▸ **Exercise objective**
In full and without alteration, return the records below.

(Brief descriptive captions)
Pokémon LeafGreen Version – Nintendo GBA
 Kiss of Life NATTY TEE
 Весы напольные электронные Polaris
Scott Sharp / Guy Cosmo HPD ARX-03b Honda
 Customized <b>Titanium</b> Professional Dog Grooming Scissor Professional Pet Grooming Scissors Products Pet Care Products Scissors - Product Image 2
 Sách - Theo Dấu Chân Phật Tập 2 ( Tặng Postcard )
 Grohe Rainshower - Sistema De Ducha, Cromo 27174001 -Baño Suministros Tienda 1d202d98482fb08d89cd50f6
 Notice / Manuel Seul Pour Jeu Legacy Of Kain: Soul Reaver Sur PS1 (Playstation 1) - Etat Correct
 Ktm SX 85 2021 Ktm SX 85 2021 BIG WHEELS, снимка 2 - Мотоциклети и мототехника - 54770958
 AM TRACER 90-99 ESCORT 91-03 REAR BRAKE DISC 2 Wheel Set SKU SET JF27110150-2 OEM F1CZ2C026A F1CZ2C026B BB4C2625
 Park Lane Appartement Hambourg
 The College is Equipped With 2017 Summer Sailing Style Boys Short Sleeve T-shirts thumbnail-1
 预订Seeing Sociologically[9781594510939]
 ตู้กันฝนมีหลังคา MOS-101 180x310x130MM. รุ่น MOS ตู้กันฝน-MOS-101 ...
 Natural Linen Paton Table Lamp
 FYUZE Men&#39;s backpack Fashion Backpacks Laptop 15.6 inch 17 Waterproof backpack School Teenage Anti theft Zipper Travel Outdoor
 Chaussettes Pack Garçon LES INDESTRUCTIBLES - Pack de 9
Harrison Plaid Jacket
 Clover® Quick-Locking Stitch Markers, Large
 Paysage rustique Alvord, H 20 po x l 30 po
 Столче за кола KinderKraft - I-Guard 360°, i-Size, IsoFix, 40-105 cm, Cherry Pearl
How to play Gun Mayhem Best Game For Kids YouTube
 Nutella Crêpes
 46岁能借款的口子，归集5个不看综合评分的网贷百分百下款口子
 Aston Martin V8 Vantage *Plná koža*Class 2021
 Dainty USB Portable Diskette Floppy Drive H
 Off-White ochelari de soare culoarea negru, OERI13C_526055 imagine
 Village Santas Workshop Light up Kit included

▸ **Written answer**
Pokémon LeafGreen Version – Nintendo GBA
 Kiss of Life NATTY TEE
 Весы напольные электронные Polaris
Scott Sharp / Guy Cosmo HPD ARX-03b Honda
 Customized <b>Titanium</b> Professional Dog Grooming Scissor Professional Pet Grooming Scissors Products Pet Care Products Scissors - Product Image 2
 Sách - Theo Dấu Chân Phật Tập 2 ( Tặng Postcard )
 Grohe Rainshower - Sistema De Ducha, Cromo 27174001 -Baño Suministros Tienda 1d202d98482fb08d89cd50f6
 Notice / Manuel Seul Pour Jeu Legacy Of Kain: Soul Reaver Sur PS1 (Playstation 1) - Etat Correct
 Ktm SX 85 2021 Ktm SX 85 2021 BIG WHEELS, снимка 2 - Мотоциклети и мототехника - 54770958
 AM TRACER 90-99 ESCORT 91-03 REAR BRAKE DISC 2 Wheel Set SKU SET JF27110150-2 OEM F1CZ2C026A F1CZ2C026B BB4C2625
 Park Lane Appartement Hambourg
 The College is Equipped With 2017 Summer Sailing Style Boys Short Sleeve T-shirts thumbnail-1
 预订Seeing Sociologically[9781594510939]
 ตู้กันฝนมีหลังคา MOS-101 180x310x130MM. รุ่น MOS ตู้กันฝน-MOS-101 ...
 Natural Linen Paton Table Lamp
 FYUZE Men&#39;s backpack Fashion Backpacks Laptop 15.6 inch 17 Waterproof backpack School Teenage Anti theft Zipper Travel Outdoor
 Chaussettes Pack Garçon LES INDESTRUCTIBLES - Pack de 9
Harrison Plaid Jacket
 Clover® Quick-Locking Stitch Markers, Large
 Paysage rustique Alvord, H 20 po x l 30 po
 Столче за кола KinderKraft - I-Guard 360°, i-Size, IsoFix, 40-105 cm, Cherry Pearl
How to play Gun Mayhem Best Game For Kids YouTube
 Nutella Crêpes
 46岁能借款的口子，归集5个不看综合评分的网贷百分百下款口子
 Aston Martin V8 Vantage *Plná koža*Class 2021
 Dainty USB Portable Diskette Floppy Drive H
 Off-White ochelari de soare culoarea negru, OERI13C_526055 imagine
 Village Santas Workshop Light up Kit included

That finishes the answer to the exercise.